This rematch was a polar opposite of the first game between these second place teams.
The first game was played at a blistering pace of an hour and fifteen minutes, and this game took more than two hours and fifteen minutes. The first game featured fantastic pitching from both sides, and this game saw 15 hits and nine runs.
In the end, Wilson (8-2) prevailed over Poly (6-3), 9-0, and took sole possession of second place in the Moore League.
“We came out ready to play,” said Wilson coach Tim Rother. “I wish CIF playoffs could just start right now.”
That sentiment from Rother is a far cry from how he felt after the first meeting when he said his Bruins took too long to adjust to Poly starting pitcher Ashley Betance-Kearn. But as Poly coach Ken Munger said after this game, “they brought their hitting shoes today.”
The adjustments Rother wanted to see in the first game came quickly in the first inning as Megan Guzman moved up in the box and waited out a 2-1 count before roping a triple over the center fielders head. Catcher Lacey Rother didn’t give Betance-Kearn time to settle in, and chopped a grounder to the left side to score Guzman.
In the circle for the Bruins, Linzy Rother got going early and cruised with a little help from her sister. Linzy allowed a leadoff single to Priscilla Pino, but Lacey gunned down Pino at second trying to steal, and Linzy didn’t allow a base runner until she was relived in the sixth.
In the top of the second, something happened that no one at Joe Rodgers Field wanted to see. Wilson’s Kasie Cochrane led off the inning with a shot back up the middle, and Betance-Kearn couldn’t get her glove up in time. Cochrane got all of the ball, and the ball got all of Betance-Kearn’s nose.
The Poly ace began bleeding profusely and hit the ground. Both coaching staffs and the Wilson security team ran to the circle to check on the sophomore.
“For a few minutes it had nothing to do with the rivalry,” said Munger. “I have to give credit to the Wilson staff… they had people out there immediately, and had the paramedics here pretty quick.”
Betance-Kearn was taken to Community Hospital of Long Beach. She knew where she was, had no blurred vision and no dental damage, but the nose and cheekbone fracture will keep her out for the rest of the season. All things considered, she got off pretty lucky. “Her nose just looks like a prize fighter now,” said Munger.
After a fifteen-minute delay, the game got back under way with MacKenzie Brewster in the circle and the freshman got two ground outs to end the inning.

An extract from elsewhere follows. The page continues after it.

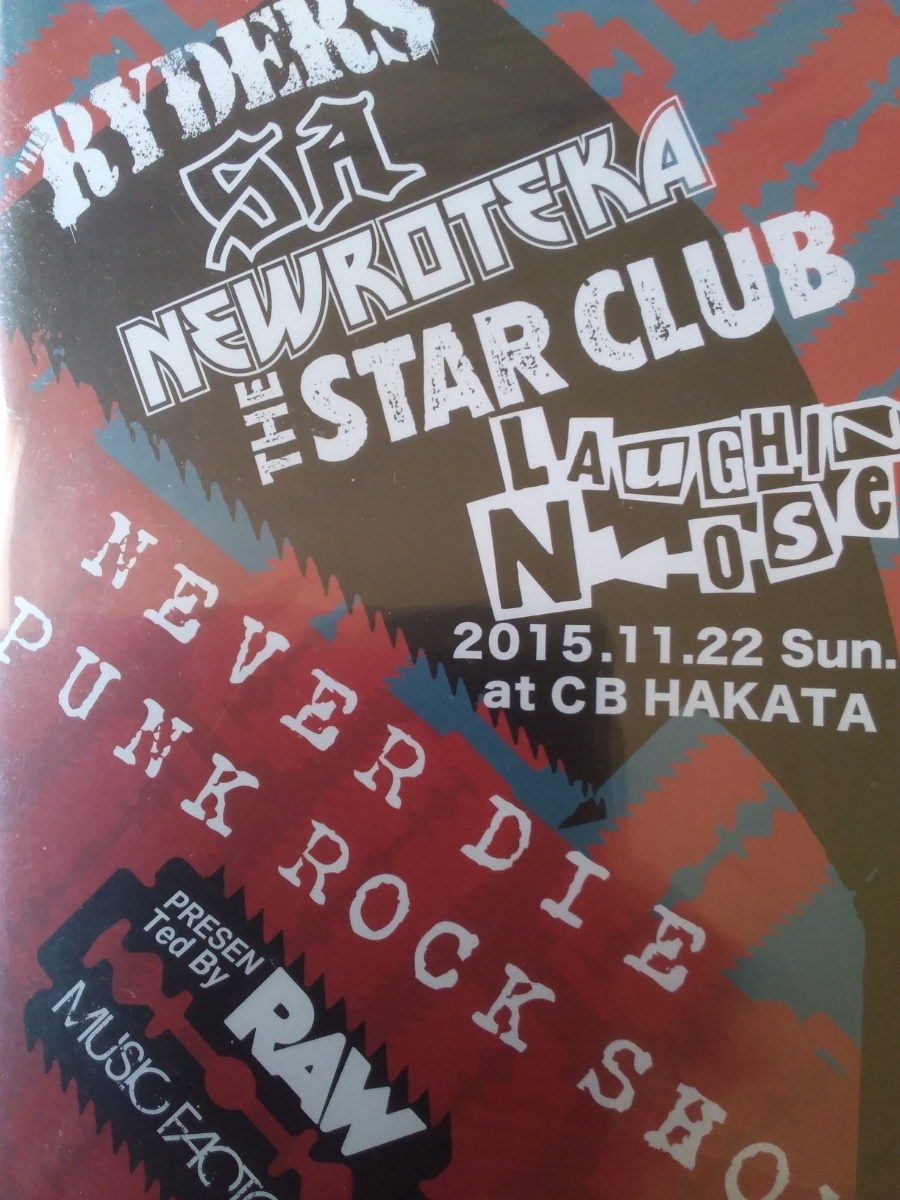 NEVER DIE PUNK ROCK SHOW THE STAR CLUB ニューロティカ　ザ・スタークラブ　ザ・ライダース LAUGHIN NOSE ラフィンノーズ未開封新品_画像1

“After that, I told the girls they had to dig deep,” said Munger. “I got a little emotional too, but I knew I had to be strong for them… you have to give credit to MacKenzie… she went out there and did her job. After all that, it wasn’t easy.”
It especially wasn’t easy with how the Bruins were hitting the ball, and how Rother was throwing the ball. Rother (5IP, 1H, 0R, 7K) pitched a perfect four after the first inning, and the hits kept coming in the third.
Brandi Enriquez led off with a single, and Guzman followed with an inside the park home run to center to make it 3-0. Guzman led off with a double in the fifth (she was a single away from the cycle before getting pulled in the sixth) and Ashley Hollowood knocked her in with a legged-out single. An error on a Cochrane line drive capped the three-run inning, and a Hollowood’s home run capped the scoring in the top of the seventh. Enriquez finished the day 3-for-4 with two runs scored.